M. Harper a rétorqué que ce sont les fonctionnaires du ministère de la Justice qui révisent les documents en question avant d'être divulgués. Il a aussi affirmé que le juge Iacobucci aura accès à tous les documents et qu'il remettra au gouvernement un rapport qui sera rendu public.

«Indispensable»

Selon le chef du NPD, Jack Layton, une enquête publique est indispensable pour connaître le rôle exact des autorités canadiennes dans le transfert des détenus afghans qui auraient été torturés. «Nous avons besoin d'une enquête pour déterminer la vérité.

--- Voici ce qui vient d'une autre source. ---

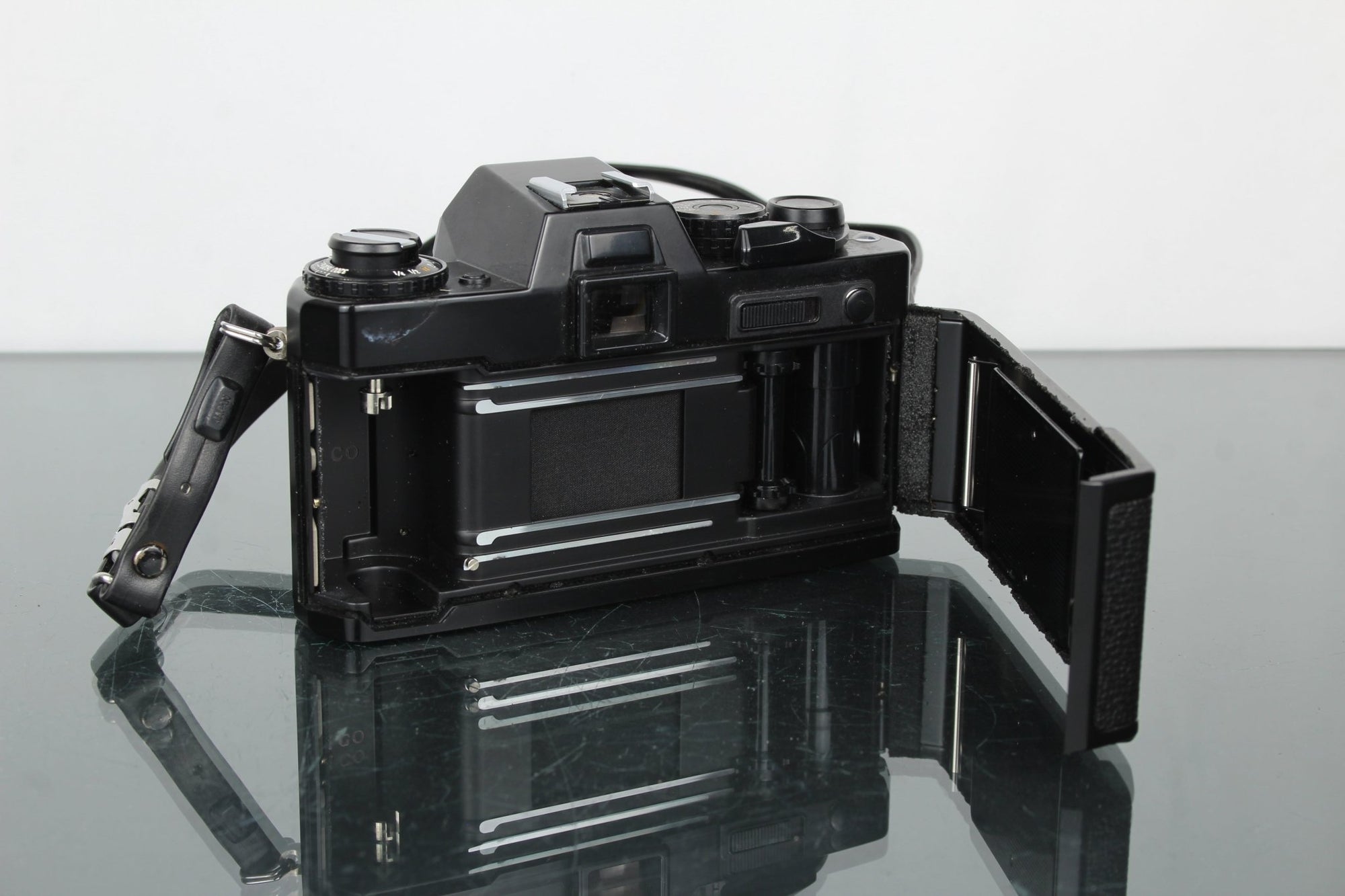 Yashica FR 1 - Dutch|Thrift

Quel était le rôle des institutions canadiennes dans le transfert des détenus ? Quels sont les résultats de leurs décisions ? Est-ce qu'on a violé les lois internationales ? Alors nous avons beaucoup de questions et c'est essentiel d'avoir une enquête», a-t-il dit.

Dimanche, La Presse Canadienne a révélé que des agents du SCRS ont joué un rôle crucial dans les interrogatoires de combattants talibans capturés par les troupes de la coalition internationale en Afghanistan.

Les espions du SCRS ont travaillé de concert avec des agents de renseignement de la police militaire canadienne, alors que le conflit afghan a commencé à devenir impossible à maîtriser en 2006. Jusqu'à présent inconnu, le rôle qu'ont joué les agents du SCRS dans les interrogatoires de détenus ajoute une nouvelle dimension à la controverse provoquée par le traitement réservé aux prisonniers par les forces de sécurité afghanes.